- [Dataset excerpt]

*-*-*

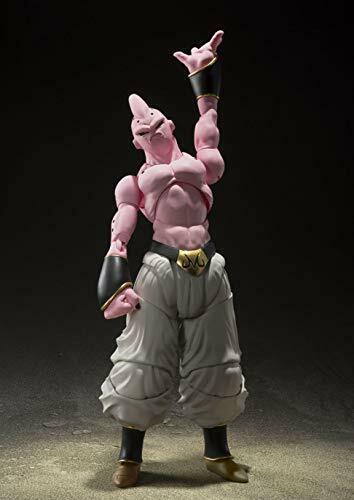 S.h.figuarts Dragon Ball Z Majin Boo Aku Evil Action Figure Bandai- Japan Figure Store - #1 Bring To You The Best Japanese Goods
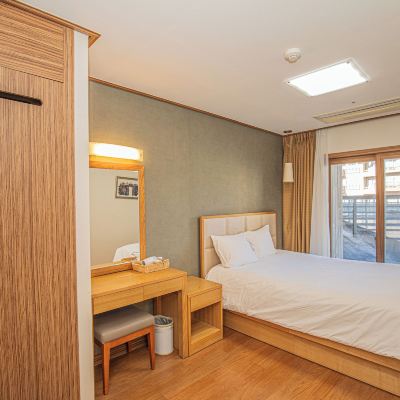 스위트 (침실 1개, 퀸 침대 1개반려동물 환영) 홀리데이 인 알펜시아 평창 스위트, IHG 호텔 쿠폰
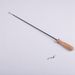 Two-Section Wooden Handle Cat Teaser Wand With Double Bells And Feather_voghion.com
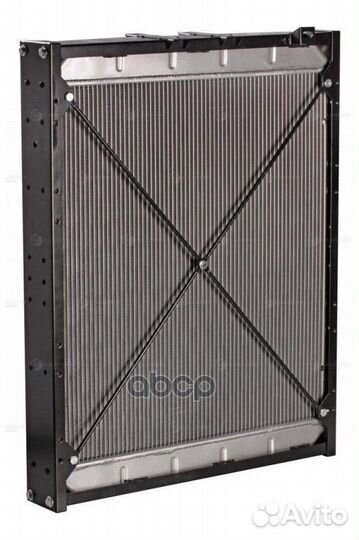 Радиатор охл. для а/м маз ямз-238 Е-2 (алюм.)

*-*-*

- [Problem to work on] What you return should be only the lines from the line with "스위트 (침실 1개, 퀸" through the last line of the listing above, exactly, both ends included, pictures excluded.

- [Result]
 스위트 (침실 1개, 퀸 침대 1개반려동물 환영) 홀리데이 인 알펜시아 평창 스위트, IHG 호텔 쿠폰
 Two-Section Wooden Handle Cat Teaser Wand With Double Bells And Feather_voghion.com
 Радиатор охл. для а/м маз ямз-238 Е-2 (алюм.)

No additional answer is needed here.